» **Aim of the task**: Give back an exact copy of the listing that follows, without the pictures.

» **Data provided**:
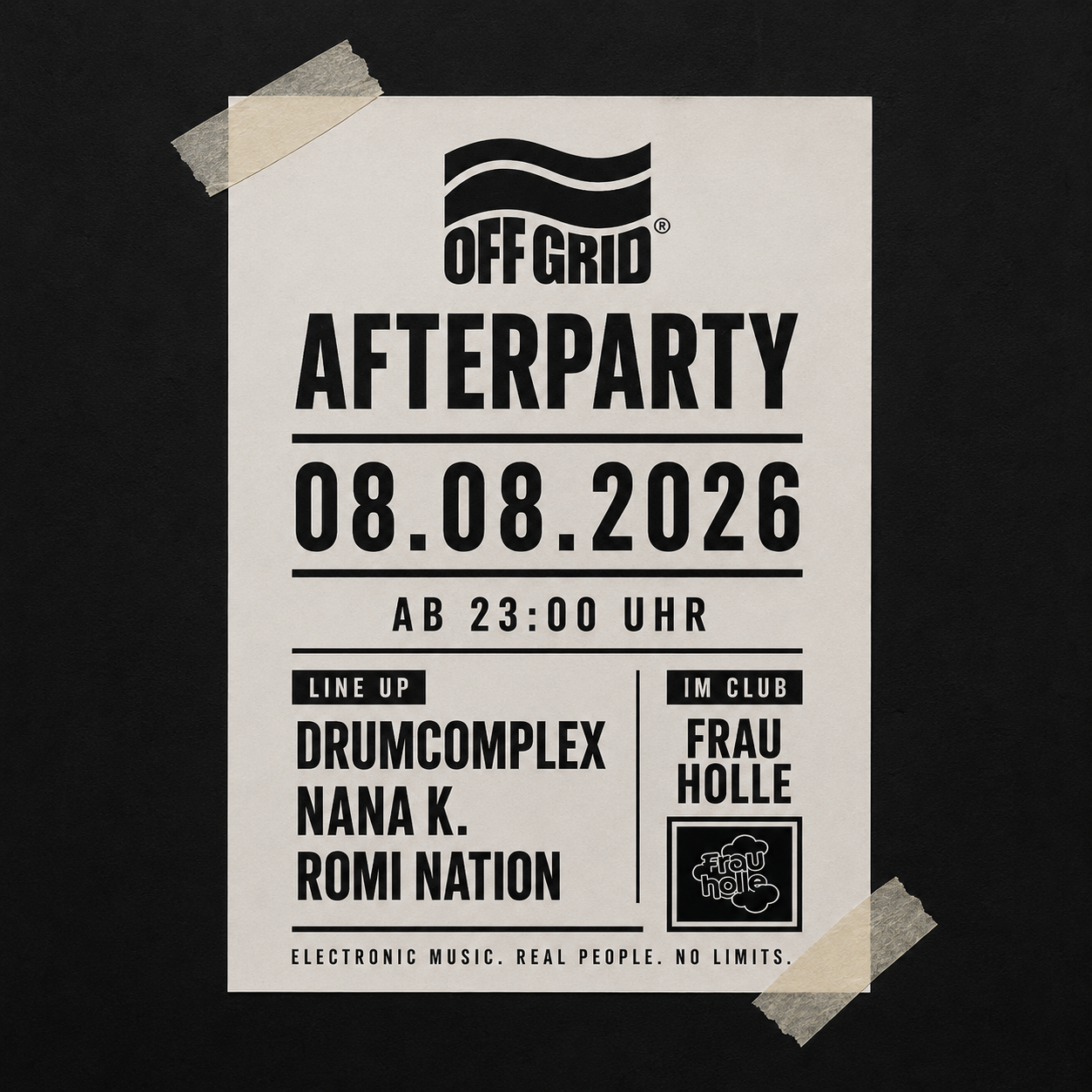 OFF GRID Festival - Afterparty w/ Drumcomplex ( Cocoon, Terminal M ), Romi Nation, Nana K
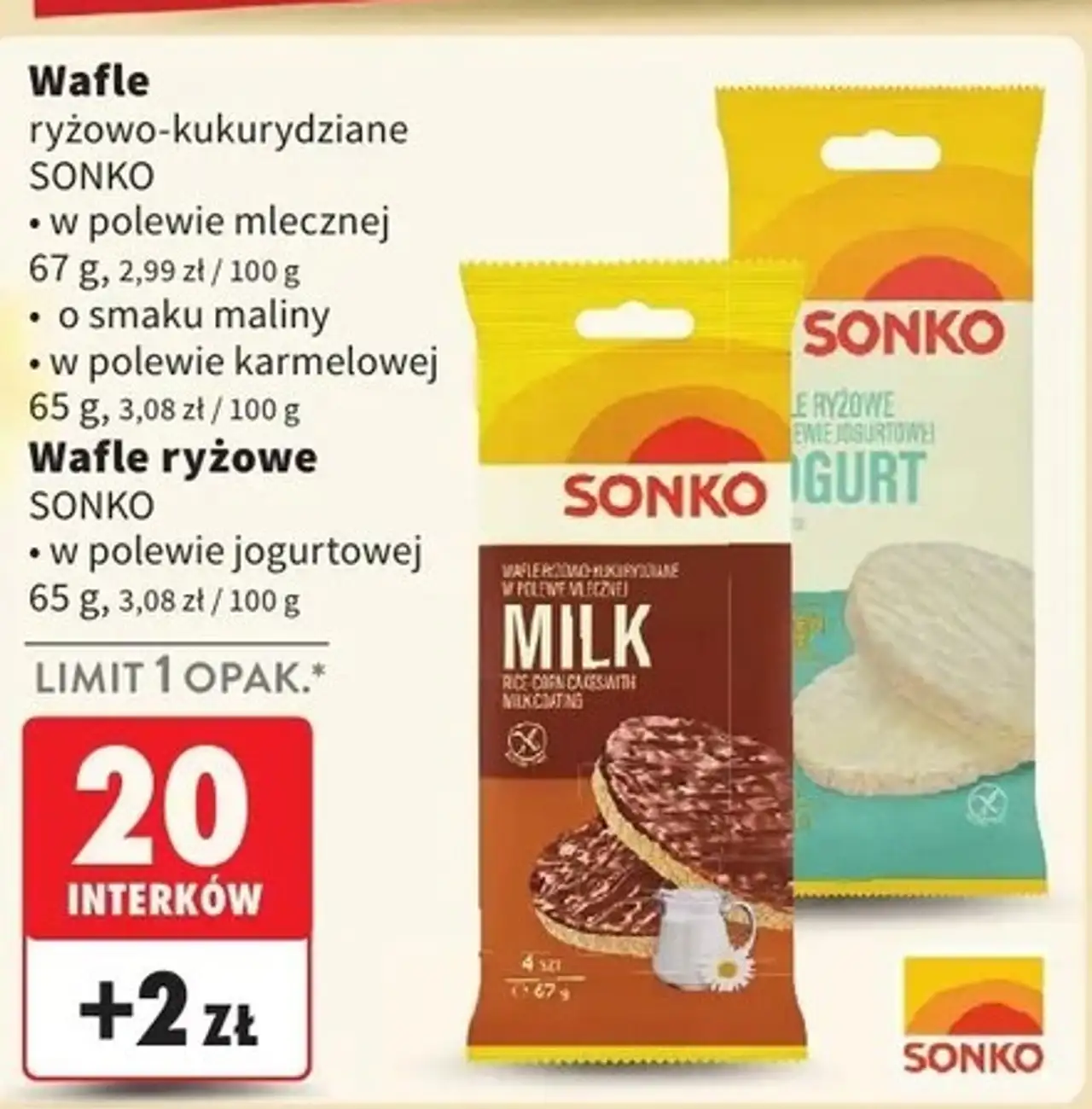 Wafle ryżowo-kukurydziane karmelowe Sonko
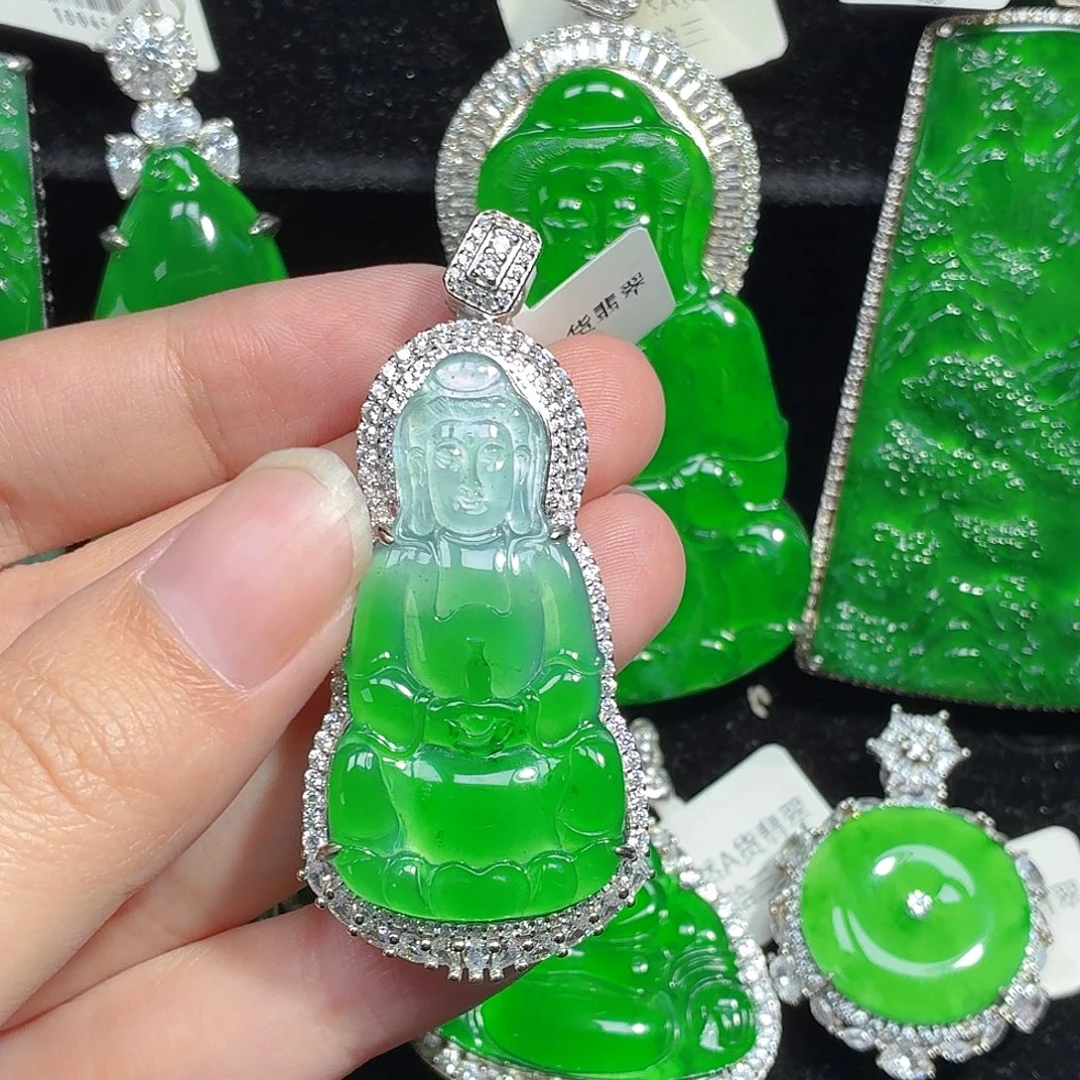 翡翠银S925镶嵌颈饰天然A货翡翠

» **Response for this exercise**:
 OFF GRID Festival - Afterparty w/ Drumcomplex ( Cocoon, Terminal M ), Romi Nation, Nana K
 Wafle ryżowo-kukurydziane karmelowe Sonko
 翡翠银S925镶嵌颈饰天然A货翡翠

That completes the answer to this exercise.